● WHAT YOU NEED TO DO
Make an exact copy of the records below, leaving every image out.

● Crawled caption data
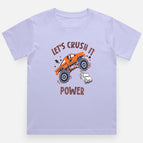 Lavender / 0-12M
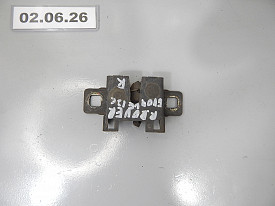 ЗАМОК КАПОТА ПРАВЫЙ LAND ROVER RANGE ROVER EVOQUE L538 2011-2015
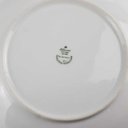 [458166722] Suppenteller 22,4 cm Seltmann Weiden Monika Weiß gebraucht - akzeptabel Bild 5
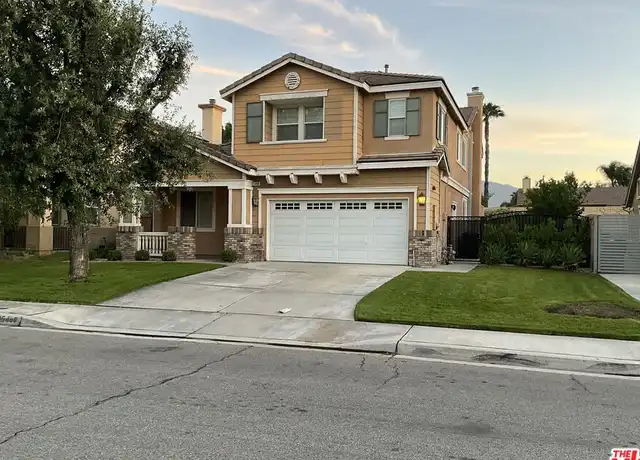 Property at 15488 Ramona Ave, Fontana, CA, 92336, 4 beds, 2.5 baths, [object Object]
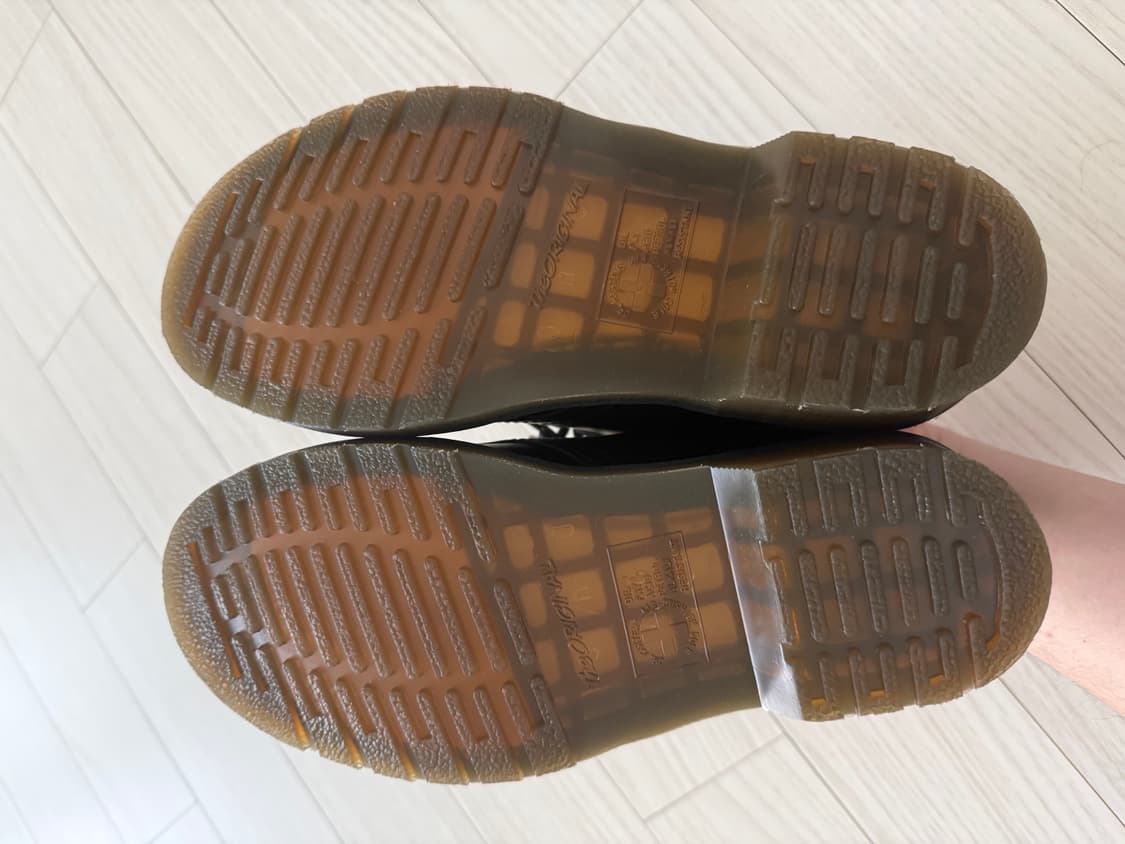 닥터마틴 1461 스무스(220-230) 새상품급 상품이미지6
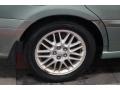 Seamist Green Pearl - Legacy L Sedan Photo No. 49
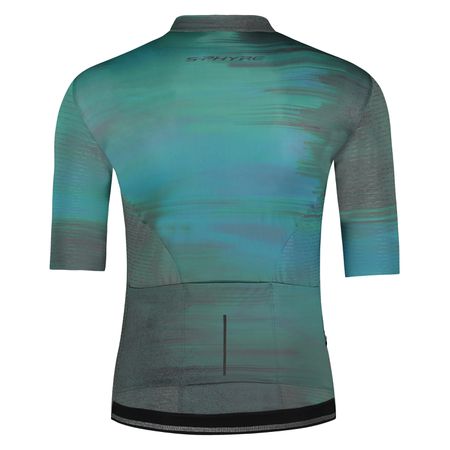 Men S-PHYRE Flash SS Jersey / aurora green / XL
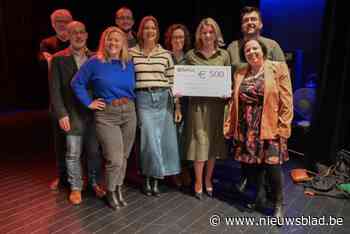 Theatergroep, stamboomvorser en koorman bekroond met cultuurprijzen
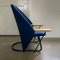 The Winner Smokers Chair by Floris Van Den Broecke for Artifort, 1990s, Image 6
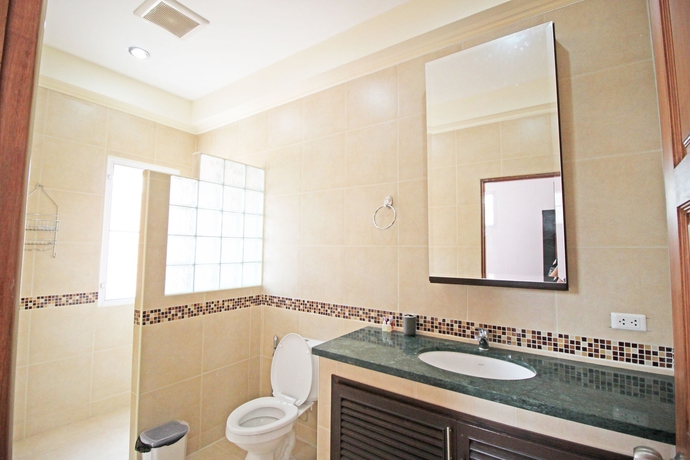 Imagen de la habitación del Hotel Naklua Pool Villa By Psr Asia. Foto 5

● OUTPUT OF THE TASK
 Lavender / 0-12M
 ЗАМОК КАПОТА ПРАВЫЙ LAND ROVER RANGE ROVER EVOQUE L538 2011-2015
 [458166722] Suppenteller 22,4 cm Seltmann Weiden Monika Weiß gebraucht - akzeptabel Bild 5
 Property at 15488 Ramona Ave, Fontana, CA, 92336, 4 beds, 2.5 baths, [object Object]
 닥터마틴 1461 스무스(220-230) 새상품급 상품이미지6
 Seamist Green Pearl - Legacy L Sedan Photo No. 49
 Men S-PHYRE Flash SS Jersey / aurora green / XL
 Theatergroep, stamboomvorser en koorman bekroond met cultuurprijzen
 The Winner Smokers Chair by Floris Van Den Broecke for Artifort, 1990s, Image 6
 Imagen de la habitación del Hotel Naklua Pool Villa By Psr Asia. Foto 5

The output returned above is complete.